Since the number of registers available is architecture dependent, it is the job of the PTXAS optimizing compiler to allocate physical registers when compiling PTX into SASS (machine code). There are various conflicting goals in this process. For example, to increase latency tolerance the compiler will try to schedule loads early, but this often extends the live range of variables leading to an increase in register pressure. Likewise, common subexpression elimination reduces dynamic instruction count but can increase register pressure due to temporary variables created to hold the values of subexpressions. On the other hand, increased register use can lead to decreased occupancy and therefore lower performance.

Note that a small number of spill operations that occur infrequently may not be detrimental to performance, and the increased register use may help with other optimization that improve performance in the balance. PTXAS is reasonably smart about spills, e.g. putting them in outer rather than inner loops, trying to group and vectorize them. Not local memory stores seen in SASS disassembly are necessarily spills.

95% of the time the compiler manages to strike the right balance that delivers close to optimal performance. Note that the allocation of physical registers per thread in the hardware typically has a granularity > 1, and PTXAS may well take advantage of that to achieve other optimization goals. When you file a bug against the compiler regarding register pressure issues, it will likely be seen as non-actionable unless the resulting decrease in performance exceeds 5%. In other words, don’t sweat the small stuff.
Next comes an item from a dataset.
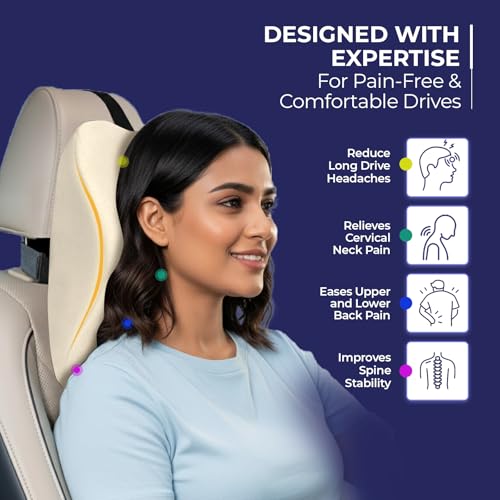 Image of WELLGIVER Orthopedic Memory Foam Car Neck Rest Pillow - Cervical Support Cushion for Neck Pain Relief, Adjustable Strap - Universal Fit for All Cars | Beige Velvet | Pack of 2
Guess I hit that 5%. The result of a fma is not used in several dozens of cycles, and PTXAS puts the result of a memory load in to local storage… immediately after the load instruction…

Impossible to comment on that since we don’t know your code. It is entirely possible that the spill is not relevant to the performance of your code.
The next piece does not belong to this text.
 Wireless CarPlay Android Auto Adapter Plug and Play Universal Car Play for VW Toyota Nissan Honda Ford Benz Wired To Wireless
Are you using CUDA 8? Are you compiling for sm_5x or sm_6x? Based on informal observations, PTXAS seems to do a better job of allocating registers for these recent architectures compared to previous architectures.

I’m using sm_61. It’s quite weird that If I let the compiler unroll the outer loop it will not spill in this way. And If I unroll it myself I have the memory dependency stall.

I’m trying to write the kernel in PTX and see If it can get better.

BTW, how can I check register value as float in NSight?

It is doubtful (but possible) that re-writing the code in PTX will lead to much different machine code. As I mentioned, PTX is an optimizing compiler which is responsible for the allocation of physical registers. The machine code is therefore largely decoupled from minor source code changes.

You may get lucky in exercising PTXAS artifacts (I have done so reasonably extensively in the past), but such optimization is brittle in that it will likely stop to work come the next version of the compiler.

I worry about that, too. But no better option than just giving it a try now…

And who cares about compatibility in such critical code that never needs to be portable :|

I take it you have thoroughly examined and exploited all higher-level optimization opportunities? That’s usually preferable to any sort of low-level ninja programming that is obsolete half a year down the line.

I have extensive experience (~30 years) with software optimizations from top-level algorithm all the way down to squeezing the last cycle via hand-selecting machine instructions. Finding optimizations at a higher level is always preferable and almost always possible: one can make five passes over the same problem and still find ways to simplify one’s code, without ever going near machine language.

All high-level optimization I can currently think of. It’s just a modified matrix multiplication after all. Actually without that STL following LDG, it can reach around 9500GFLOPS on a 1080Ti. And drop to 8000 with that STL. This is… kind of itchy…

Generally speaking, achieving maximum performance on matrix multiplies requires assembly-language programming on pretty much every platform I know (x86, RISC, GPUs). Compiled solutions usually do not achieve more than 75% to 80% efficiency.

Unfortunately, NVIDIA refuses to make a SASS assembler publicly available, which means people have had to roll their own if they wanted to go down that path. You may be able to modify Scott Gray’s Maxwell assembler (https://github.com/NervanaSystems/maxas) for sm_61, with a bit of additional reverse engineering.

Well, 9500GFLOPS is OK to me. Maybe 8000GFLOPS is OK, too, if I haven’t seen 9500GFLOPS.

The SASS compiled from PTX doesn’t use local memory now. Hope it will work.

If your research will ultimately be documented in a paper, a pointer to it (e.g. ArXiv draft) would certainly be welcome. I am a bit curious based on the secrecy surrounding the work :-)

Never wrote a paper, especially in English :S But worth some writing in case it actually worked.

Finally made the code work, and it freaked me out with 114xx GFLOPS out of 11791 GFLOPS peak… Hopefully it may not be so high after I make the result right. Maybe I added some extra computation codes. I remember the total samples should be around 350000 now it s 510000…

I found that when I was profiling FLOPS with NSight, the GPU was overclocked to 1873MHz, which will result in a 13425 GFLOPS peak instead of 11791 GFLOPS.

The original code is kind of for one transposed matrix and one normal matrix. And when I switch to two normal matrices I can only reach 108xx GFLOPS. Still beaten by cuBLAS’s 113xx GFLOPS.